多くのタグは電池寿命が1年〜2年ですが、個体差があります。
「電池交換管理表」を作成し、入居者様ごとにタグのIDと使用開始日を記録。交換予定月の1ヶ月前にはアラートが出るよう、カレンダーや管理ソフトに入れておきましょう。
玄関周辺の天井隅に設置されたカメラは、埃やクモの巣がつきやすい場所です。
レンズの前にうっすらとクモの巣がかかっているだけで、顔認証の精度はガクンと落ちます。
月に1回の「高所清掃デー」を設け、エアダスターなどで埃を飛ばす習慣をつけましょう。
また、冬場は寒暖差でレンズが結露することもあります。防曇(ぼうどん)仕様のカメラでない場合は、結露防止スプレーなどの対策も有効です。
最新のゲートシステムは強力ですが、それを補完する「環境づくり」を行うことで、さらに徘徊リスクを下げることができます。
認知症の方の心理に基づいた「行きたくなくなる玄関」を作るのです。
認知症の方は、視覚情報に強く影響されます。
「ドアノブがあるから回したくなる」「光が見えるから行きたくなる」のです。
・自動ドアのガラス面に、本棚や木々の絵が描かれた「トリックアート・フィルム」を貼る。
・ドアノブと同色のカバーをかけ、視覚的に認識しづらくする。
・出口付近の照度を少し下げ、居室方面(戻る方向)を明るく照らす。
これらの環境対策(ハード)と、セキュリティゲート(システム)を組み合わせることで、スタッフが駆けつけるまでの時間を稼ぐことができます。

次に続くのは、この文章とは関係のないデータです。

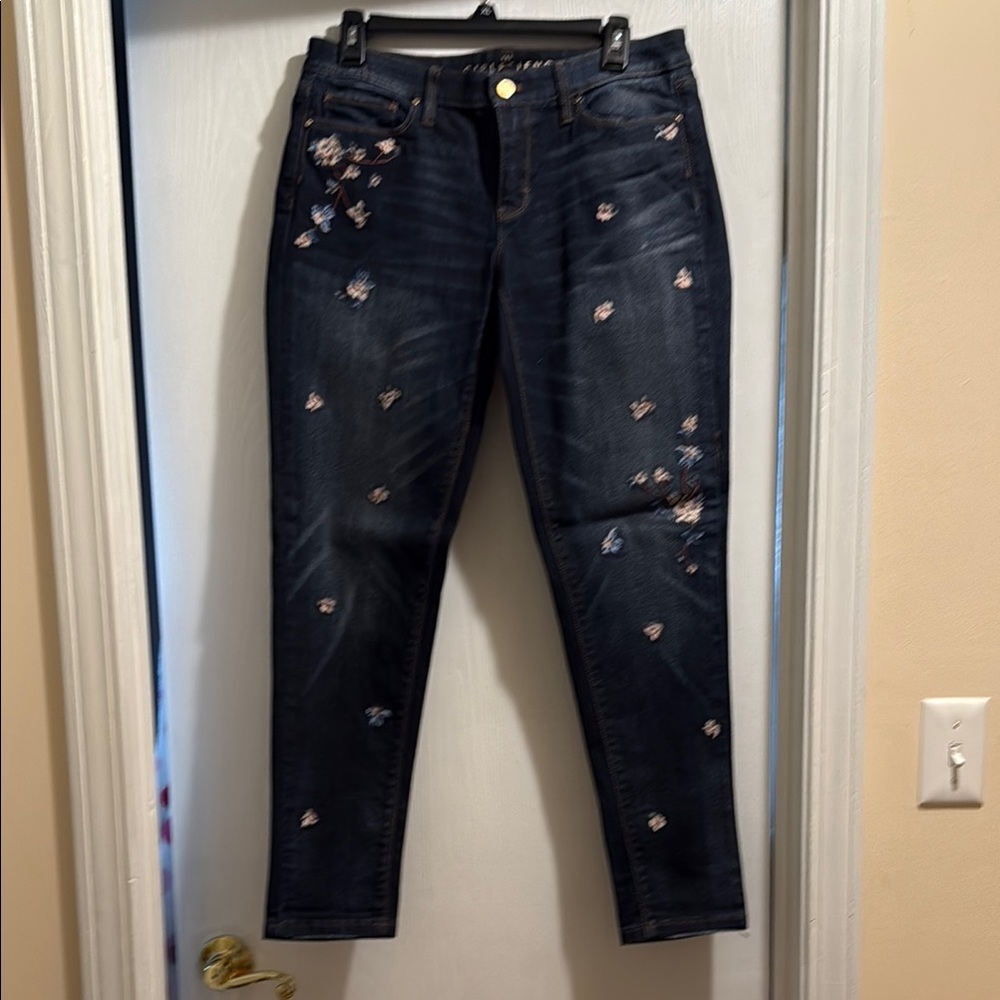 White House Black Market Dark Blue Embroidered Jeans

ゲートで止めることはできますが、利用者様の「家に帰りたい」という気持ちを消すことはできません。
無理に止めると、興奮や暴力につながることもあります。
玄関の手前に、あえて「バス停のようなベンチ」や「お茶が飲める談話スペース」を設けてみてください。

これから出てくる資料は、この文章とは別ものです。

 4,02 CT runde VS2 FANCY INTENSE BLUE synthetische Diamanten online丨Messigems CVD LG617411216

「バスが来るまでここで待ちましょうか」と声をかけ、クールダウンしていただく。
セキュリティゲートは、あくまで最後の砦であり、その手前でのケアが本質であることを忘れないでください。
セキュリティゲートの導入は、決して「スタッフが楽をするため」だけのものではありません。
それは、「人間には不可能な24時間の集中監視」を機械に任せ、人間は「人間にしかできない温かいケア」に回帰するための投資です。
運用を開始してしばらくは、調整やトラブルで戸惑うこともあるでしょう。
しかし、そこで諦めずに「感度の調整」「ルールの見直し」「ご家族への説明」を丁寧に続けていけば、必ず施設全体の空気が変わる瞬間が訪れます。
「最近、玄関のことを気にせず、ゆっくり利用者様と話せるようになったね」
スタッフ間でそんな会話が生まれた時こそ、システム導入が成功した証です。
まずは、今あるヒヤリハット報告書を見直してみてください。
どの場所で、どの時間帯にリスクが高まっているか。
そこから、あなたの施設に最適な「守り方」が見えてくるはずです。